=== Begin Enclosure ===

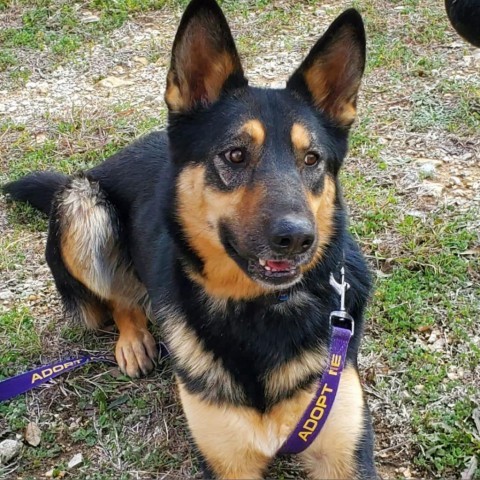 Ella JuM, an adoptable German Shepherd Dog in Austin, TX_image-6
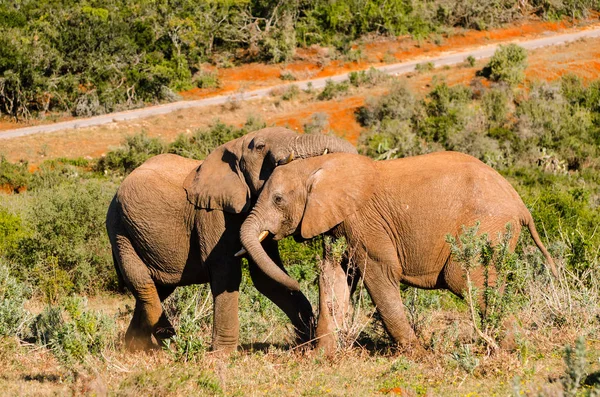 Elefantes Plaing Addo Parque Elefantes África Sul — Fotografia de Stock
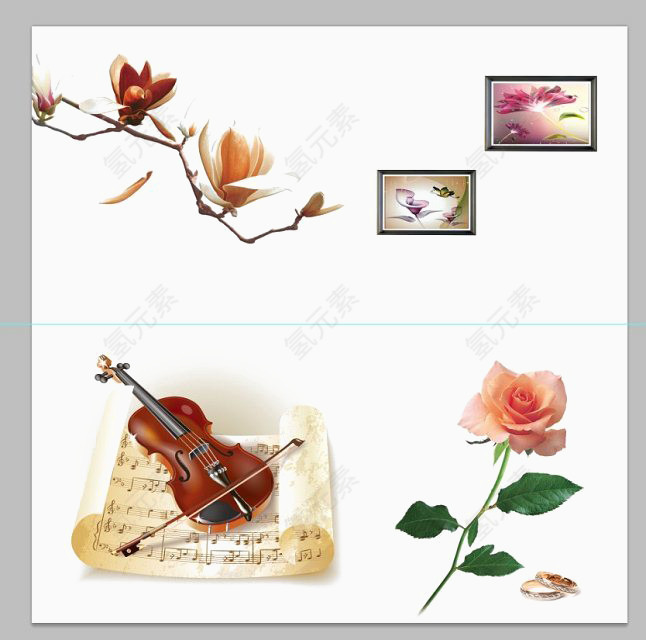 玫瑰花与小提琴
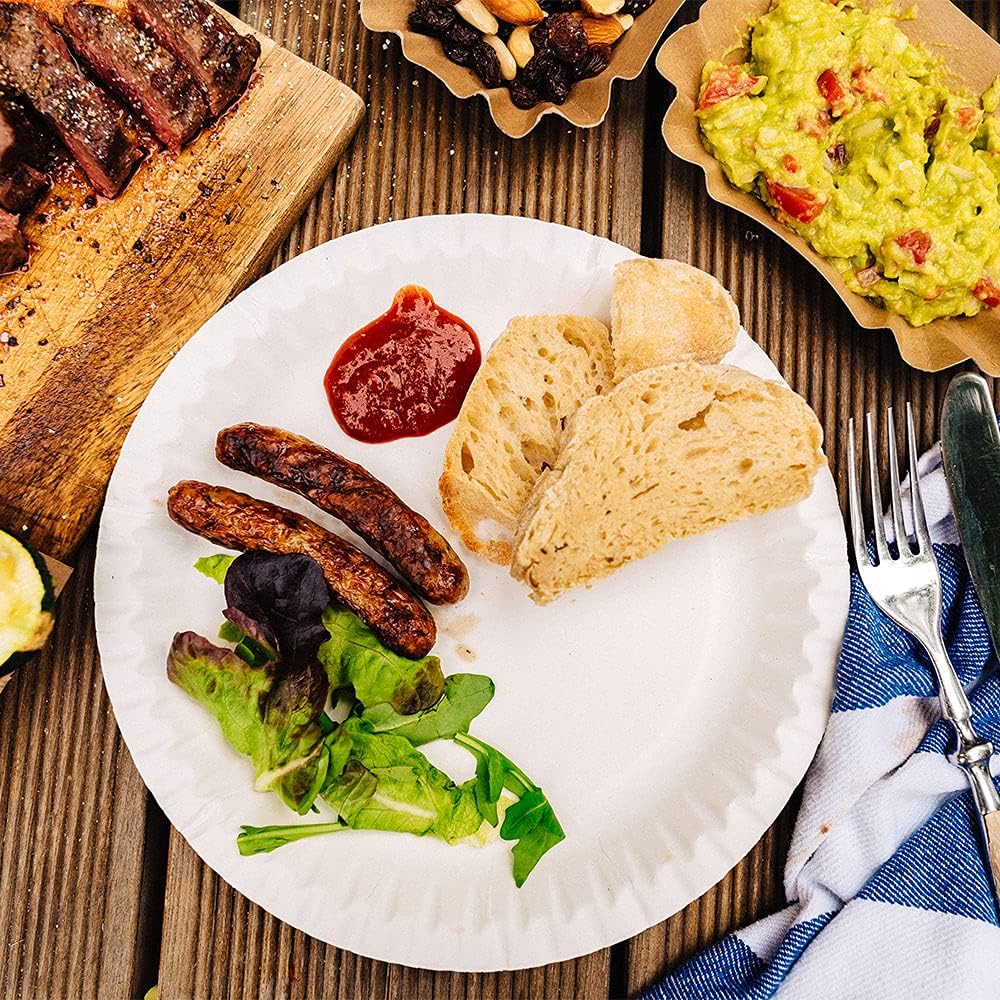 BIOZOYG White Round Paper Plates 100 Pack - Biodegradable, Recyclable, Microwave Safe - Dinner Plates Alternative to Disposable Plastic and Styrofoam - Eco-Friendly Tableware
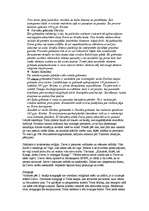 Referāts 'Jūdaisms', 2.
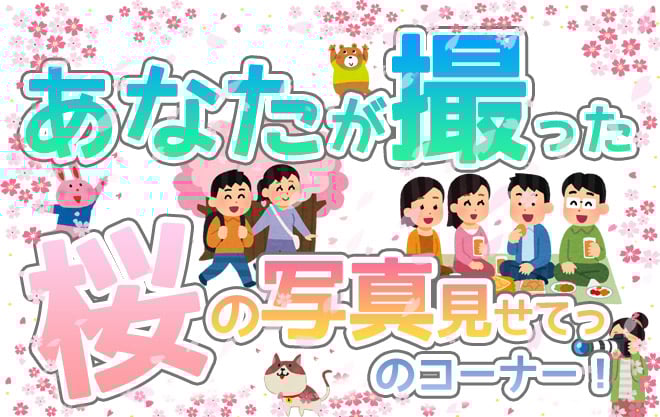 【3S】あなたが撮った桜の写真見せてっ　のコーナー！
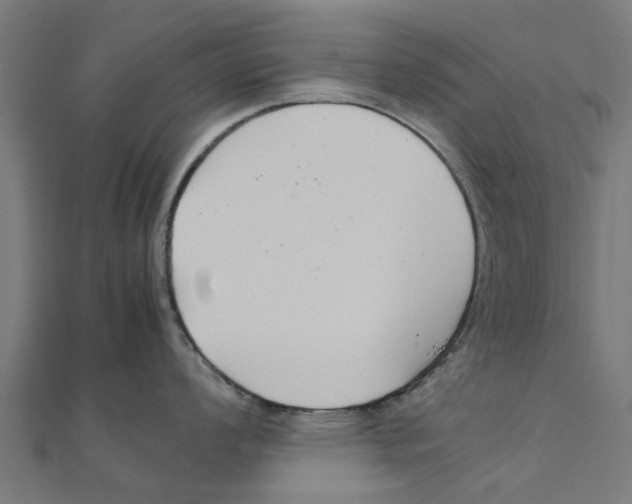 X0000111231008200907301242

=== End Enclosure ===

* [Problem details]: What is needed is the whole listing again, set down exactly, without its pictures.

* [Your response]:
 Ella JuM, an adoptable German Shepherd Dog in Austin, TX_image-6
 Elefantes Plaing Addo Parque Elefantes África Sul — Fotografia de Stock
 玫瑰花与小提琴
 BIOZOYG White Round Paper Plates 100 Pack - Biodegradable, Recyclable, Microwave Safe - Dinner Plates Alternative to Disposable Plastic and Styrofoam - Eco-Friendly Tableware
 Referāts 'Jūdaisms', 2.
 【3S】あなたが撮った桜の写真見せてっ　のコーナー！
 X0000111231008200907301242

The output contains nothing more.